After having rejected various solutions, Torvalds went off to think about what a good solution might look like. Part of the problem, he concluded, is that the type of the containing structure is separate from the list_head structure, making the writing of iterator macros harder. If those two types could be joined somehow, things would be easier. Shortly thereafter, he came up with a solution that implements this idea. It starts with a new declaration macro:

     #define list_traversal_head(type,name,target_member) \
	union { struct list_head name; type *name##_traversal_type; }

This macro would be used to declare the real head of the list — not the list_head entries contained within other structures. Specifically, it declares a variable of this new union type containing a list_head structure called name, and a pointer to the containing structure type called name_traversal_type. The pointer is never used as such; it is just a way of tying the type of the containing structure to the list_head variable.

Then, there is a new iterator:

    #define list_traverse(pos, head, member) \
	for (typeof(*head##_traversal_type) pos = list_first_entry(head, typeof(*pos), member);\
	    !list_entry_is_head(pos, head, member);	\
	    pos = list_next_entry(pos, member))

Code can walk through a list by using list_traverse() instead of list_for_each_entry(). The iterator variable will be pos; it will only exist within the loop itself. The anchor of the list is passed as head, while member is the name of the list_head structure within the containing structure. The patch includes a couple of conversions to show what the usage would look like.

This, Torvalds thinks, is "the way forward". Making this change is probably a years-long project; there are over 15,000 uses of list_for_each_entry() (and variants) within the kernel. Each of those will eventually need to be changed, and the declaration of the list anchor must also change at the same time. So it is not a quick fix, but it could lead to a safer linked-list implementation in the kernel in the long run.

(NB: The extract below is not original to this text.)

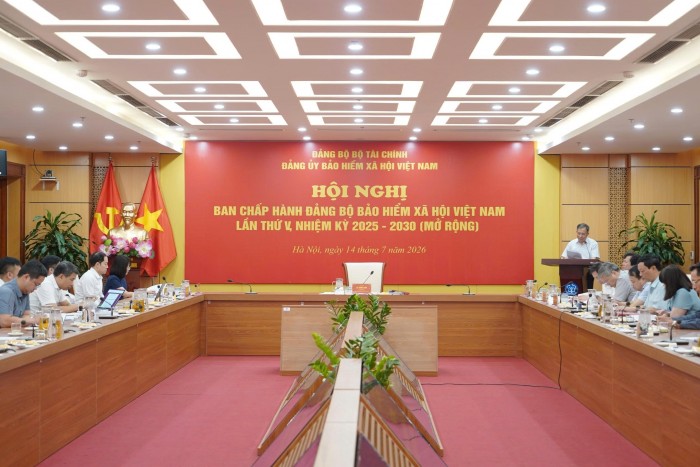 Đảng ủy Bảo hiểm xã hội Việt Nam tập trung lãnh đạo thực hiện thắng lợi các chỉ tiêu, nhiệm vụ năm 2026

One might argue that all of this is self-inflicted pain caused by the continued use of C in the kernel. That may be true, but better alternatives are in somewhat short supply. For example, since the Rust language, for all of its merits, does not make life easy for anybody wanting to implement a linked list, a switch to that language would not automatically solve the problem. So kernel developers seem likely to have to get by with this kind of tricky infrastructure for some time yet.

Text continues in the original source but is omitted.